The poem was published in 1919; the book in 1932.
I don’t know when the phrase originated.
#102
Thanks, Lucy.
Before - Huxley wrote the novel in 1931, Kipling the poem in 1919. It's a reference to a line in Shakespeare's The Tempest.
I’m trying to set my literary bar high enough with pieces like this that even liberals and LIV’s will find it compelling. The plot in the first 2/3 is just a windup, to get the reader up in the tower with the historian, looking back. My target audience is not our choir, but the other side. As soon as I see that Salon or Daily Beast etc is mentioning “Alas,” I’ll put the .99 cent anthology in the Kindle free run for five days to encourage maximum downloading by the folks who need to read it the most.

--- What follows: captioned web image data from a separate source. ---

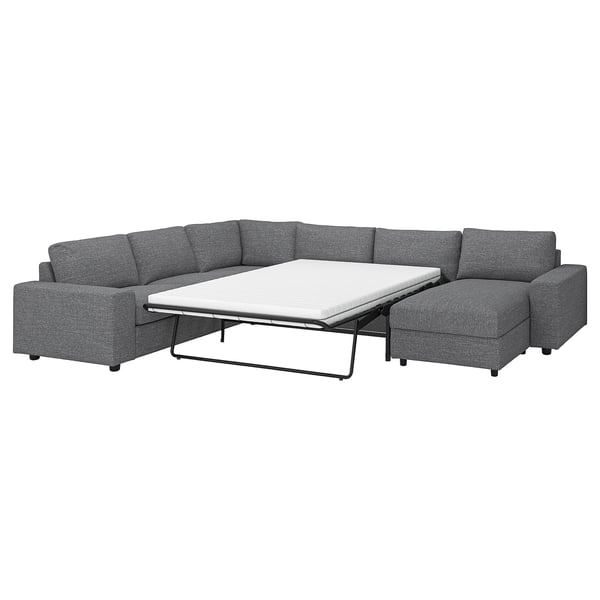VIMLE crnr sofa-bed, 5-seat w chaise lng, with wide armrests/Lejde grey/black, 200x140 cm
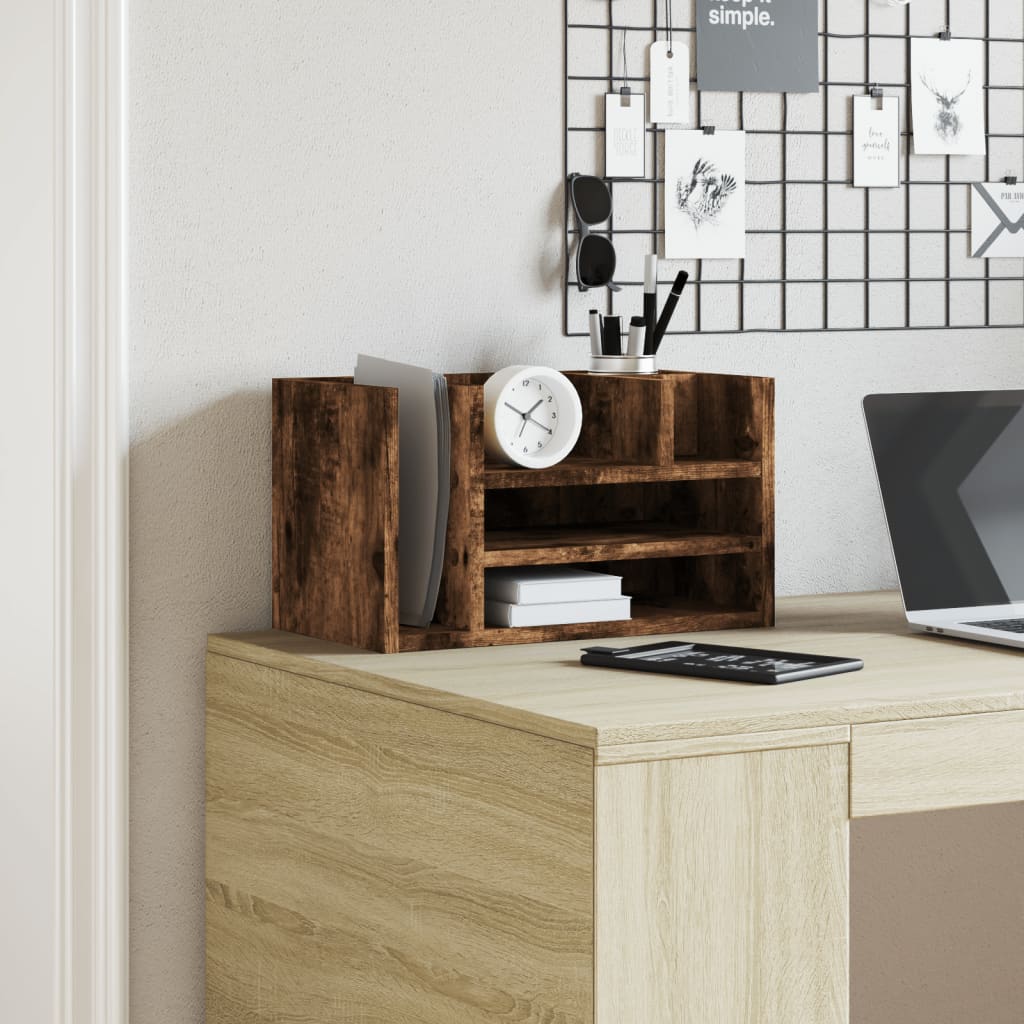 vidaXL Bureau organiser 44,5x24x25 cm bewerkt hout gerookt eikenkleur afbeelding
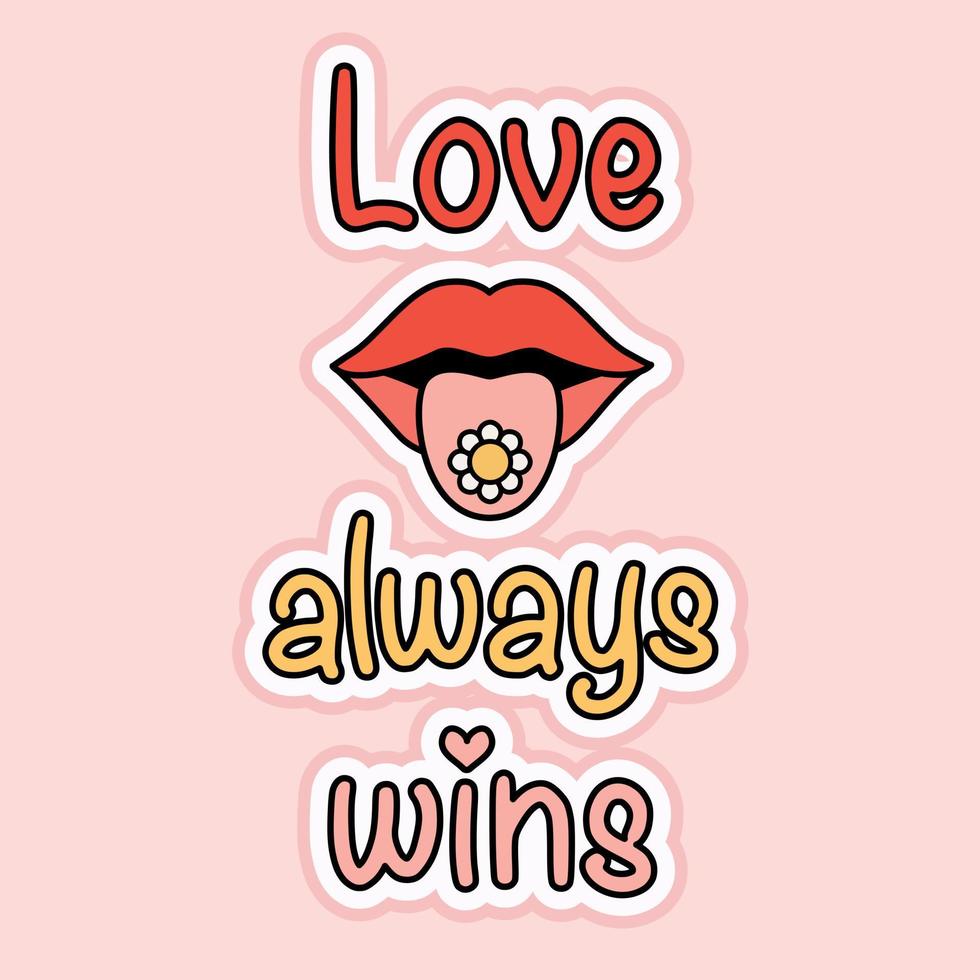 Illustration of lips with tongue in hippie retro groove style. Lettering love always wins. Vector illustration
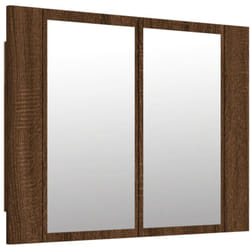 Helloshop26 - Armadietto a specchio a led 60 x 12 x 45 cm in mdf marrone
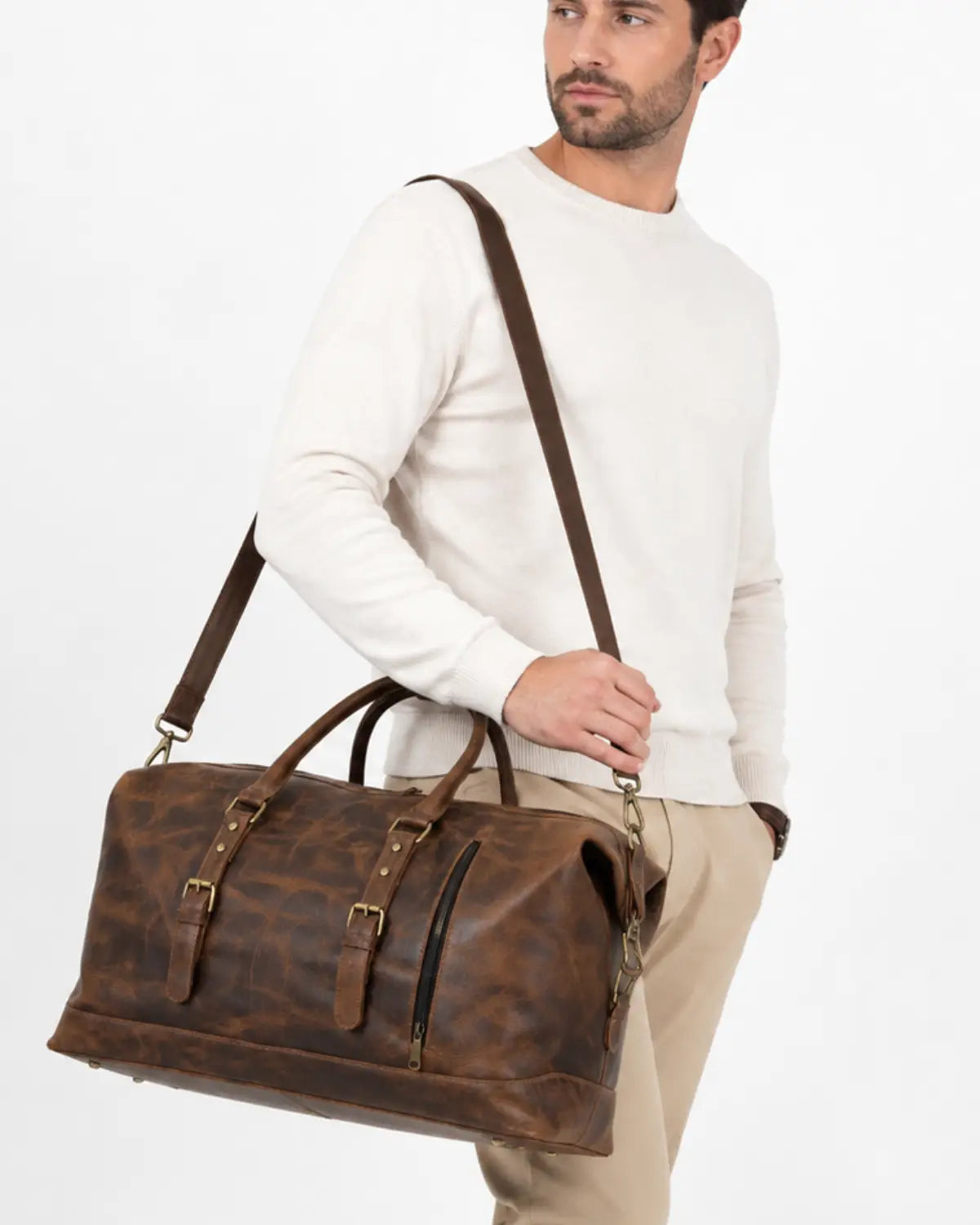 Genuine leather cabin travel bag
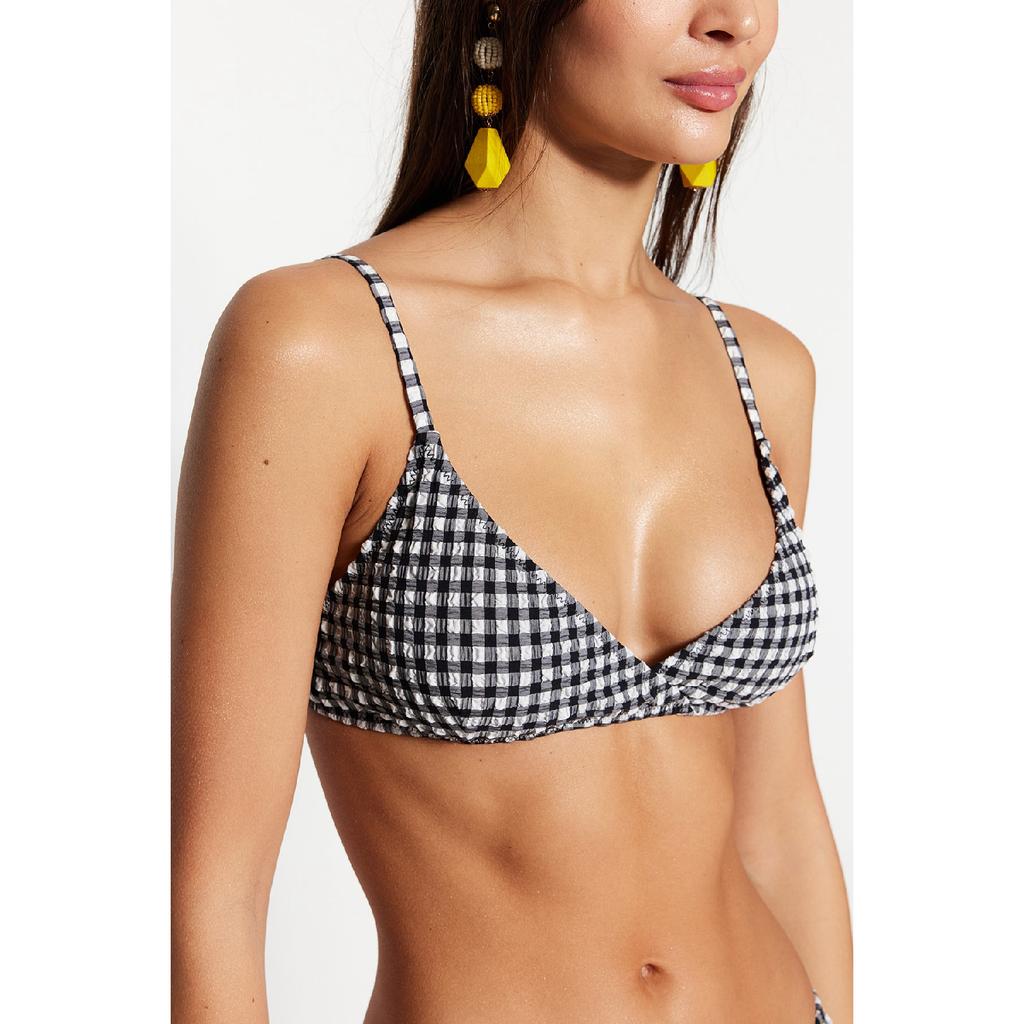 Green Gingham Textured Triangle Bikini Top Tbess21bu0141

If nothing else, I want people to think about how 100% dependent our entire system and society is on a freely running electrical system, forever with almost no prolonged, widespread stoppages. A simple “Carrington event” solar flare could trigger everything described in the story.
No, you don’t eat the berry. You let it ripen and harvest the seed, dry it and plant it.
You don’t eat the seed potatoes, either, once they turn green.
As for the Jerusalem artichoke, I’ll take your word for it. The ones here were highly touted to the farmers and the back-to-the-landers in the 70s by the local Extension as an alternative food. I’ve never dug them up. I vaguely recall someone giving us some tubers once, back in the day. Tasteless. Sort of like water chestnuts, IIRC.
I have them lining my drive. Pretty flowers.
It is fragile. But at this point, even if we could do something to revert to a more lotec way, most would refuse. And your scenario happens anyway.
You are a great and vivid writer Matt. Keep it up. Someone will listen. And maybe survive because of it.
I wrote and rewrote this story so many times, I had mentioned ham radios etc in other versions, but the story grew too long, and my primary objective was brevity. Before, I had the narrator mention that if anybody was running ham or HF radios on their own power, he had no way of knowing it. It didn’t really add much to the story, so I dropped it. But yes, hams could still be operating, if they wound up in a safe location, with food, and could make their own power. But to non-hams, they might as well not exist, unless some rumors were passed along. In time, hams might develop their own news programming based on the reports they heard and shared.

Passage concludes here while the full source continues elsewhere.